String.new with Pointer(Char)

I have been doing a few C extensions and have noticed some strings I have to use as(Pointer(UInt8). This is not too annoying and can extracted to method and stuff. But I was wondering why. This seems to be like an alias and I dont know why this is a problem. Seems like some of the C extensions in the lib return Char* and work. Also looking into submitting a patch it looks like it would change some fundamental APIs. Would it be of benefit to more String to use Char instead of UInt8? It seems like it is the fundamental unit that String is based on.

example: Carcin

p = Pointer(Char).new(3)
p[0] = 'a'
p[1] = '\0'
p[2] = 'b'
s = String.new(p, 3)

I’m not sure I’m reading your comment correctly, but it seems you’re confusing Crystal’s Char type with C’s char. They are called the same, but are fundamentally different types. The latter represents an 8 bit character. It is mostly equivalent to Crystal’s UInt8 (alias LibC::Char = UInt8). Char is 4 byte wide and represents a Unicode codepoint in UTF-32 encoding.
While a string consists of characters, String uses UTF-8 encoding for space efficiency. That means 8 bit per character, which means the data format is compatible to a char pointer in C.

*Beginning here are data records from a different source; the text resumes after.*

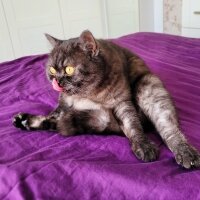 British Shorthair, Kedi  Lucy fotoğrafı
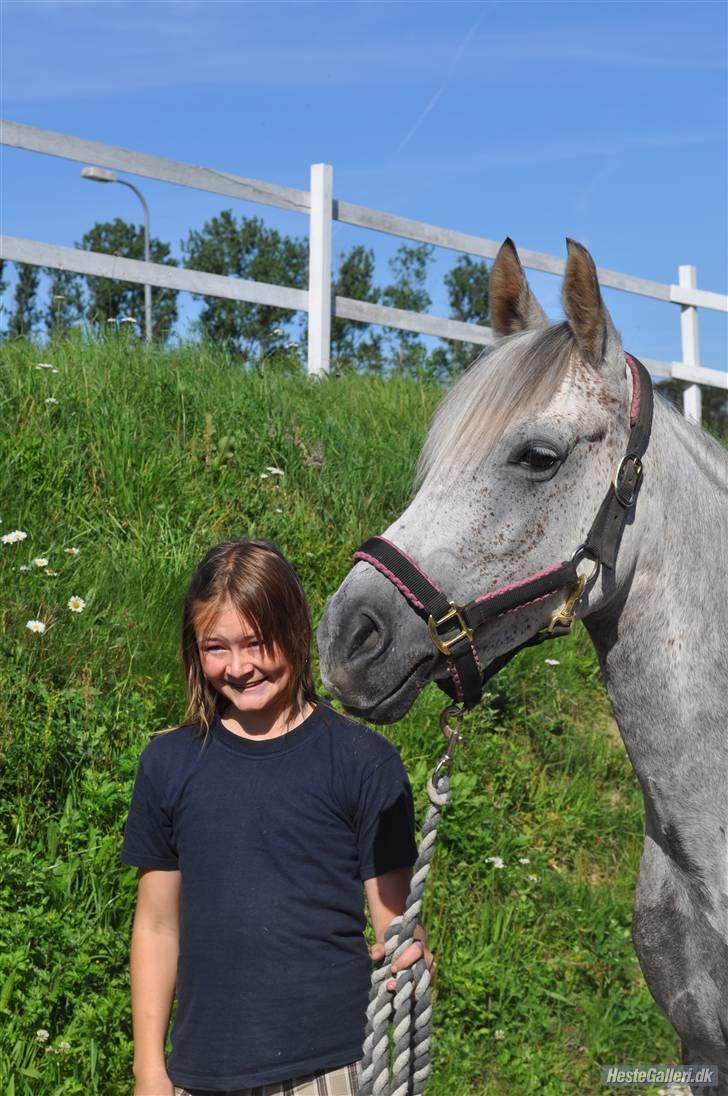 Anden særlig race Moonlight - Moonlight<3 billedet er taget af nanna kragh billede 20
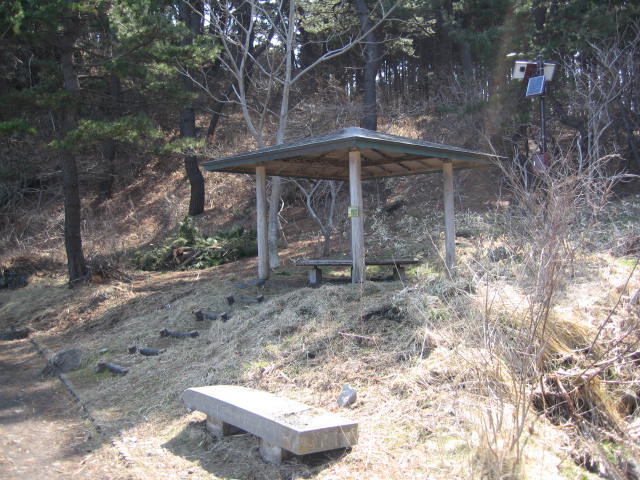 八戸の厳寒口種差に春が来た。【深久保漁港→種差芝生地】（その３）_e0132433_14452362.jpg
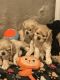 American Cocker Spaniel Puppies for sale in Barrington, RI, USA. price: $1,500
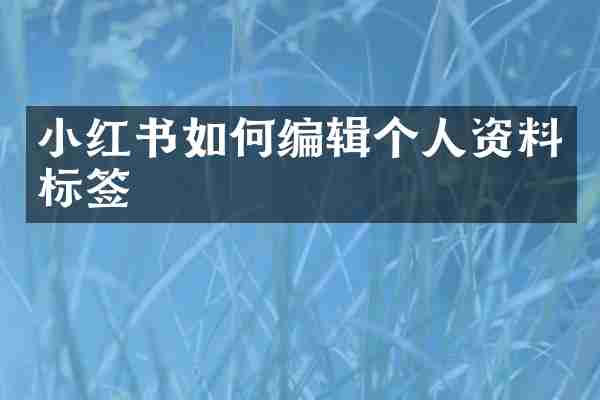小红书如何编辑个人资料标签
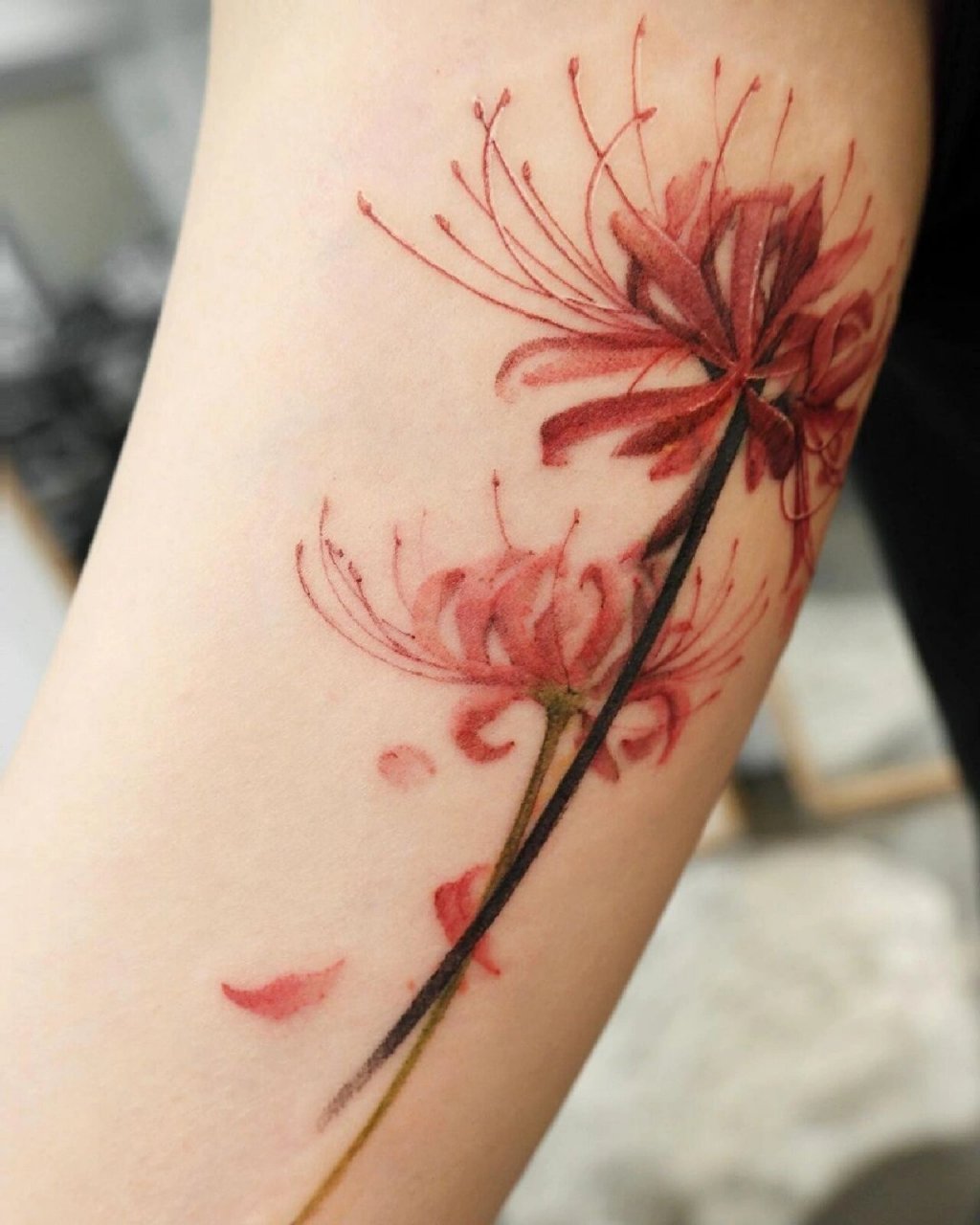 昆明纹身|彼岸花纹身:美丽的忧伤 彼岸花 花开不见叶 叶在不见花 花叶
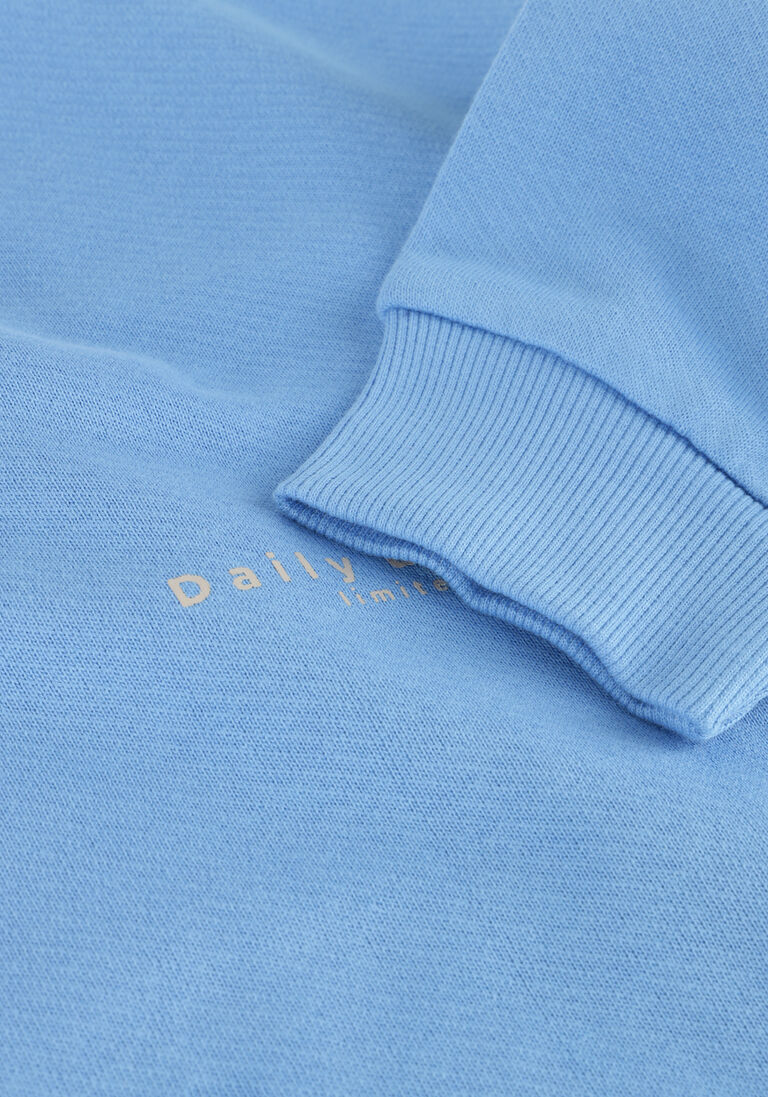 DAILY7 blauwe daily7 sweater sweater oversized dly7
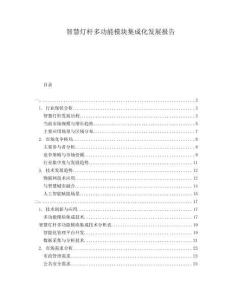 智慧燈桿多功能模塊集成化發(fā)展報(bào)告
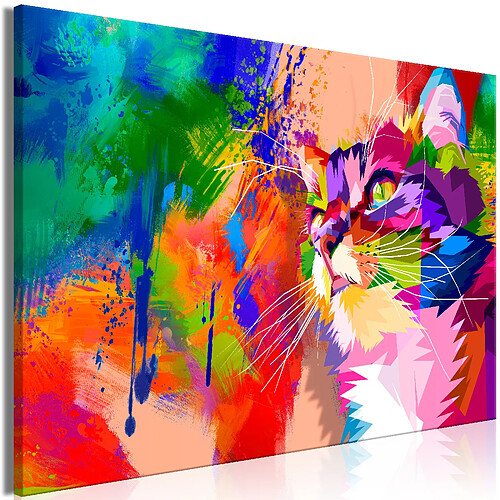 Artgeist Tableau - Colourful Cat (1 Part) Wide [60x40]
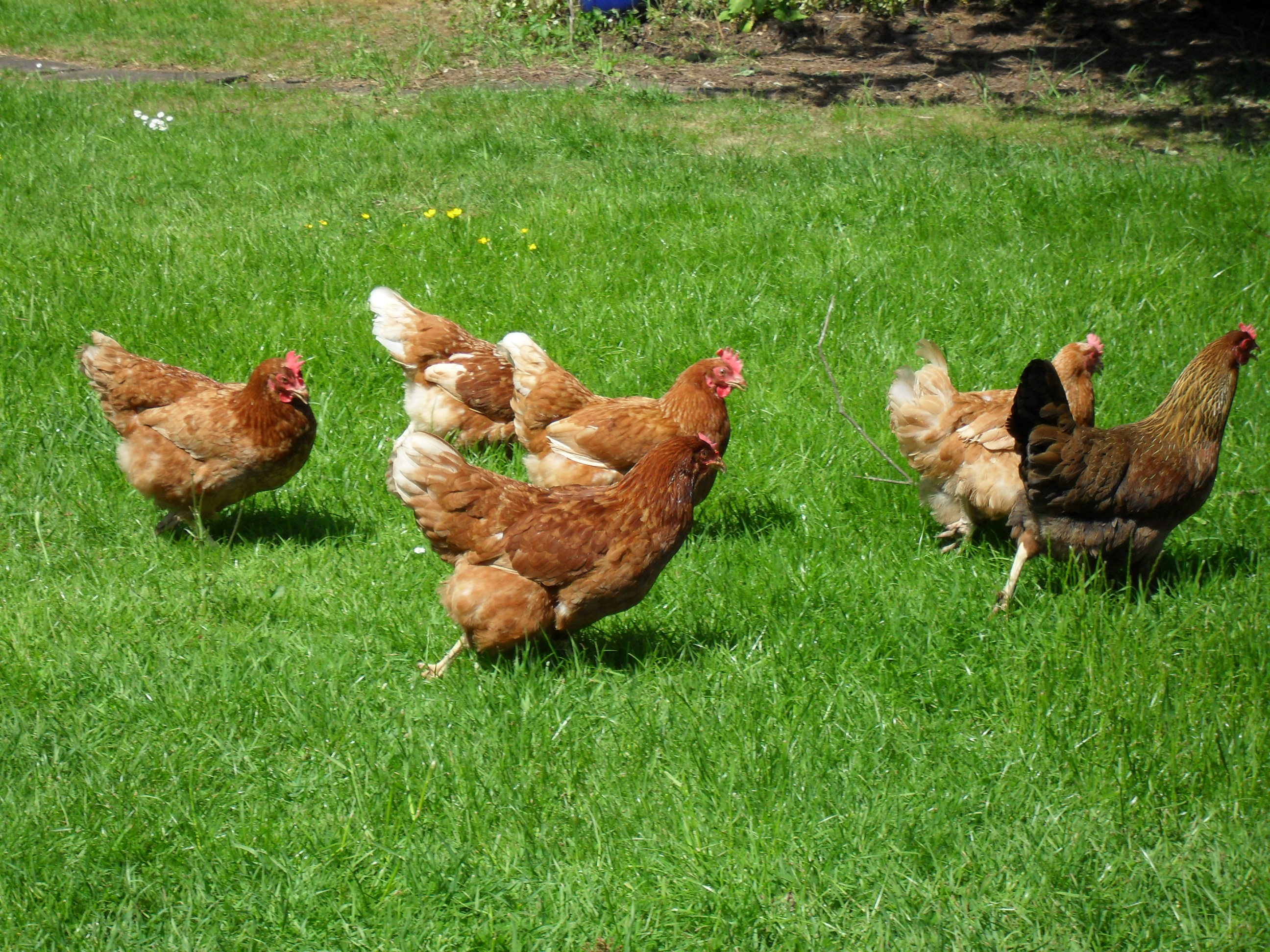 My current group of hens making there way up my garden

Bottom line: The Char type is equivalent to C’s unsigned long. I don’t think there are any C APIs that use that to represent strings. So you should never need Pointer(Char) for library bindings.

Yep, that’s already String#to_unsafe. It applies implicitly when passing String to a lib function.

1 Like

That makes a lot of sense. I was mistaken and I think the compiler was saving me from myself. I will have to look into my C lib to make sure I am doing everything correctly.

The C/C++ equivalent of Crystal Char is wchar_t.

A wchar_t is not guaranteed to hold a Unicode code point, only a code unit of some encoding, which happens to be UTF-16 on Windows. Thus char32_t is probably closer. (This distinction is important because Crystal’s Win32 bindings use LibC::WCHAR everywhere.)

3 Likes

exactly, on most places (am I just thinking about Linux?) it will be 32bits, but it maybe not… One thing that I really dislike in the C and C++ standards is that they do not define anything exactly, there’s too much of depends on the platform, I understand that the platform spectrum for C language is really huge, but even so…

I think the Crystal idea to name the integer types like Int32, Int64, etc… was really a good choice, there’s no doubt about the type size so no need for a configure script to check a lot of things before compile. Now let’s wait to see if the future agrees with that decision.

2 Likes